'Then why are you here?'
'You said you needed my help,' said the short machinist, and Dalia could have kissed him.
She took a breath and lifted her head. 'Zouche is right. We shouldn't look as though we've anything to hide. I mean, look around us, the place is as busy now as it is any other time of the day.'
Blue-tinted lumen globes sputtered and fizzed atop black poles, their glass reflecting the golden-orange glow from the clouds. Soaring above them, higher even than the silver pyramid of Zeth's forge, was the dark, mountainous shadow of Arsia Mons. The volcano's side had been quarried away five hundred years ago and replaced with the gargantuan structure of Aetna's Dam, its monstrous, cyclopean scale almost impossible to comprehend.
Dalia recognised the name it bore, which had belonged to a legendary fire goddess of a long dead volcano that rose from the Mediterranean dust bowl of Terra. It was fitting that the name should be appropriated for a rekindled volcano on Mars.
As it had been when Dalia had first arrived on Mars, the Magma City thrived and pulsed with activity, with its inhabitants making their way to and fro on foot and by any number of bizarre mechanical conveyances. Servo-skulls of gold, silver and bone darted through the air, each on an errand for its master, and Dalia wondered which of them served Adept Zeth.

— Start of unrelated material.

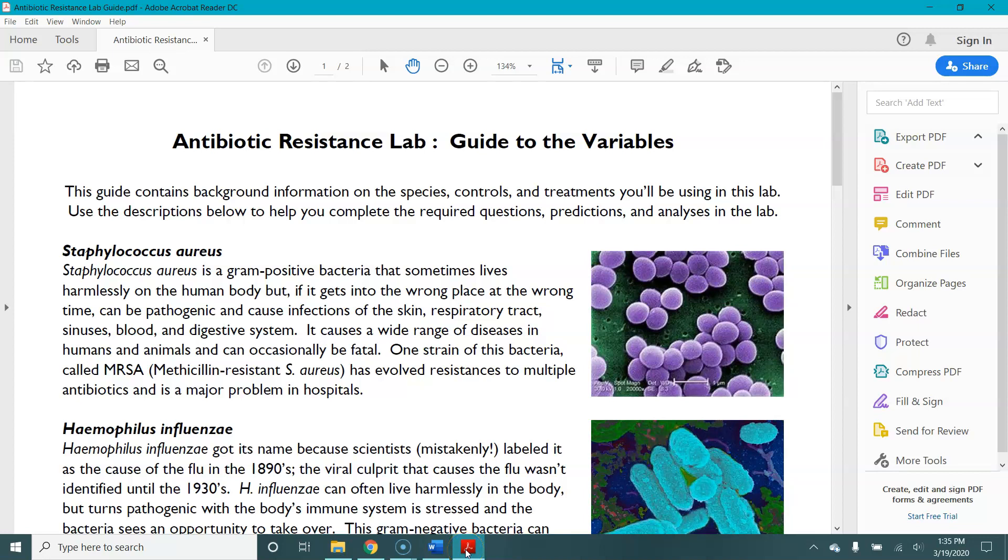Welcome everyone to our virtual lab on antibiotic resistance. This video will tell you how to access the lab, how to activate it on your computer, and how to use the tools in it.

'It may be busy,' said Caxton, 'but if any of the Protectors realise we shouldn't be on shift, we'll be in real trouble.'
'Then best we don't attract their attention by standing around yapping like stray dogs, eh?' said Zouche. 'Come on, the mag-lev transit hub is just ahead.'
They followed Zouche, trying to affect an air of nonchalance and give the impression that they had every reason to be there, though Dalia suspected they weren't succeeding too well. She could feel sweat running between her shoulder blades and fought the urge to scratch an itch on the back of her leg.
She felt great affection for her friends, knowing that she wouldn't have had the strength or courage to make the journey on her own. She had told them she needed them, which was true, but not for the reasons any of them might expect. Their technical skills would no doubt be useful along the way, but she needed them with her so the dark and terrifyingly lonely void that lurked behind her eyes every time she closed them wouldn't overwhelm her.

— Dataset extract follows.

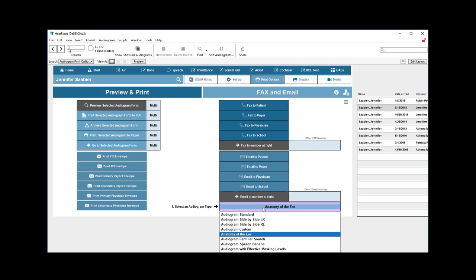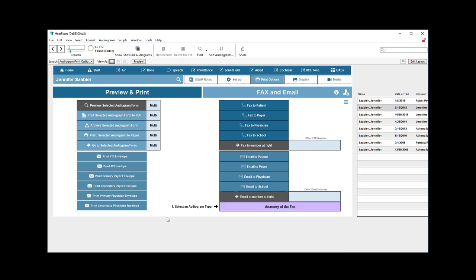So, again, you can decide. The familiar sounds, the speech banana, they're not really very impressive, but they're there if you need them. And, again, take a look at some of those different options that you have. The standard one might be appropriate for your needs.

She knew Caxton was with her because he was in love with her, and Zouche had come because he was about as honest as a person could be. He had said he would come and he had. He lived his life by doing as he said he would do, which even Dalia knew was all too rare a trait in humanity.
Dalia didn't know why Severine had come, since the girl clearly didn't want to be there and was terrified of losing her status as a Mechanicum draughter. Guilt was what Dalia suspected drove Severine to make this journey, guilt for what they had allowed to happen to Jonas Milus. It was a reason Dalia was uncomfortably aware played no small part in her own determination to discover what lay beneath the Noctis Labyrinthus.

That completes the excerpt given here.